**Collected data:**
++++++

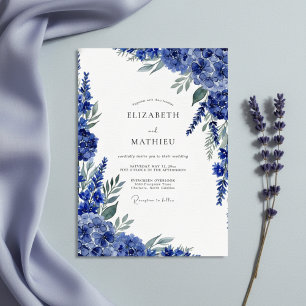 Königsblaue botanische Launen Hochzeit Einladung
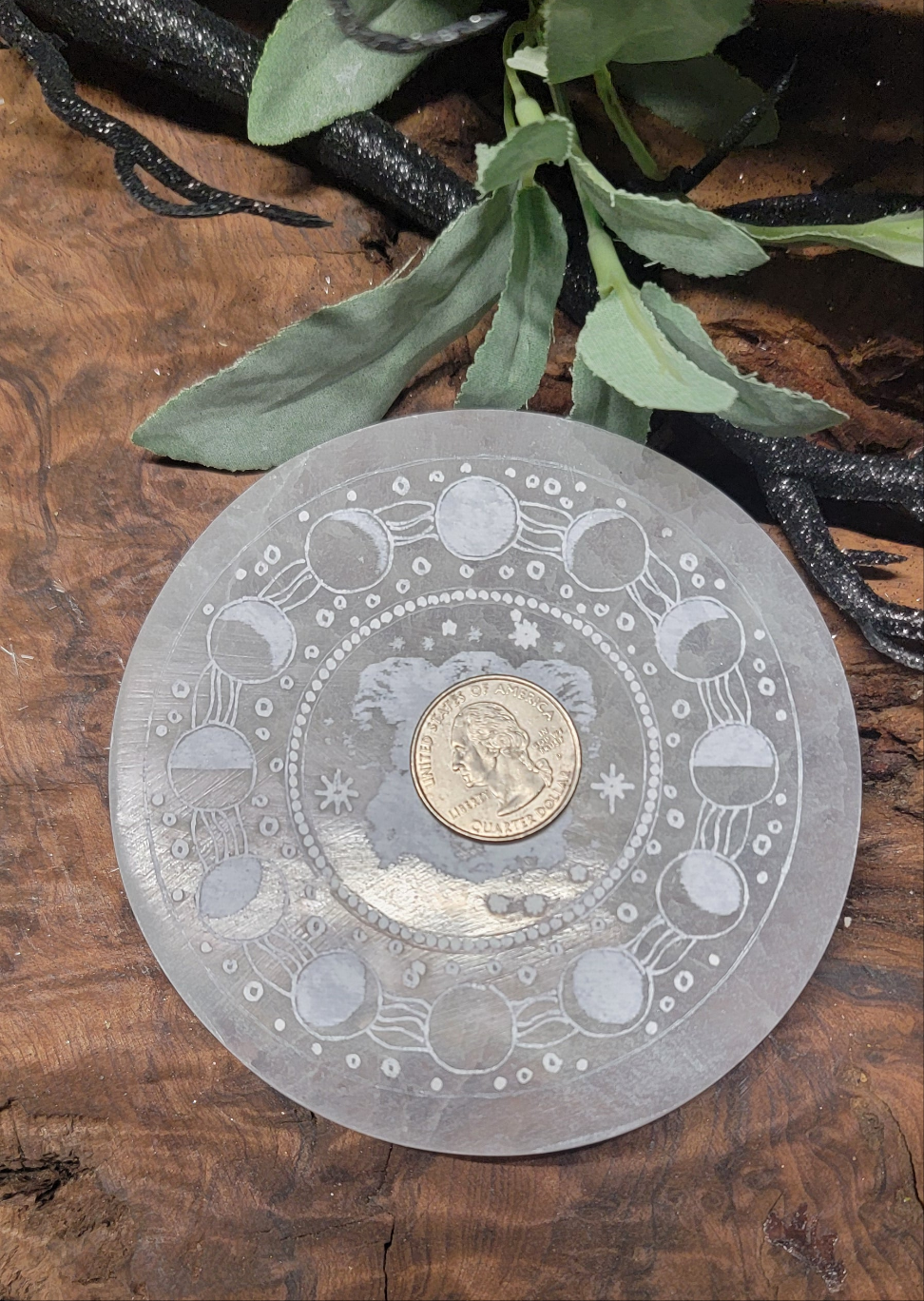 Selenite Triple Moon Goddess Plate – Crystal Charging & Altar Tool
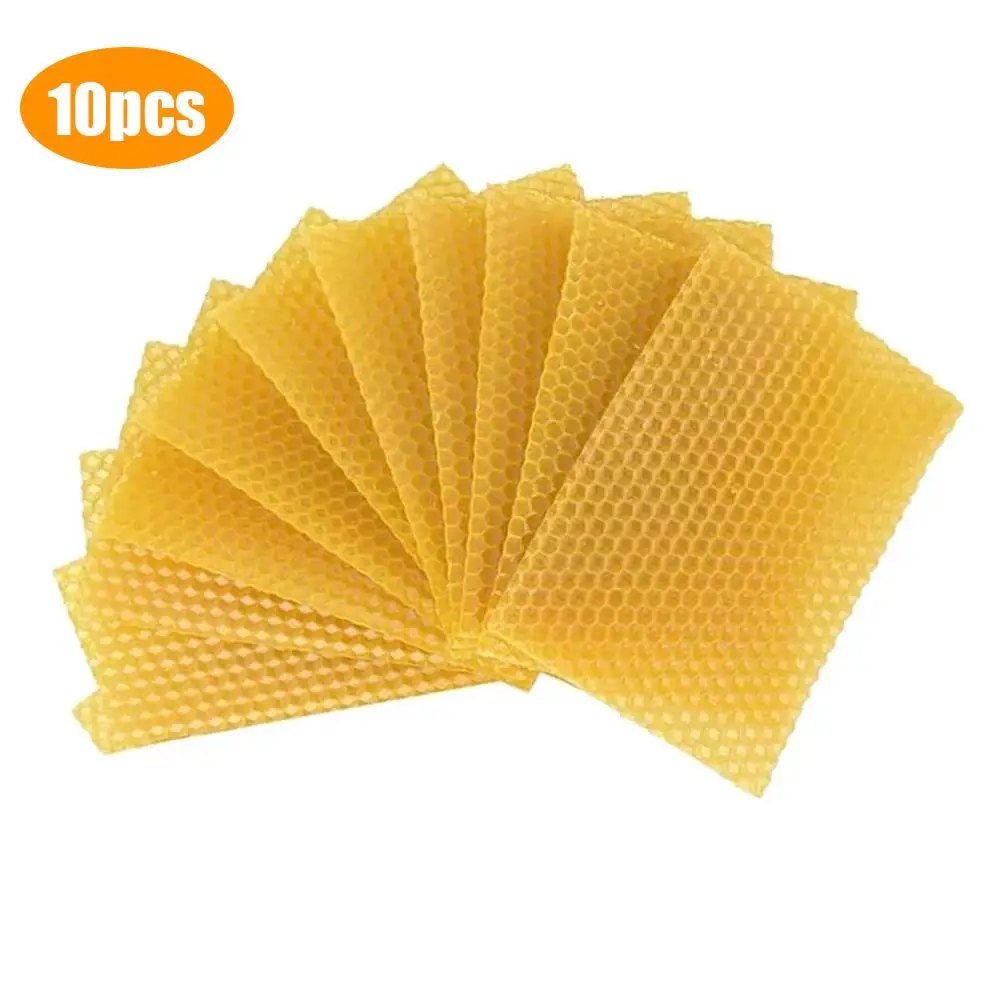 10Pcs Beeswax Sheets Candle Making Craft DIY Kits Honey Candles Maker Full Bees Wax Honeycom Beekeeping Foundation Sheets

++++++

**Exercise details:** Would you transcribe the whole listing above exactly? The pictures should not be included.

**Reply:**
 Königsblaue botanische Launen Hochzeit Einladung
 Selenite Triple Moon Goddess Plate – Crystal Charging & Altar Tool
 10Pcs Beeswax Sheets Candle Making Craft DIY Kits Honey Candles Maker Full Bees Wax Honeycom Beekeeping Foundation Sheets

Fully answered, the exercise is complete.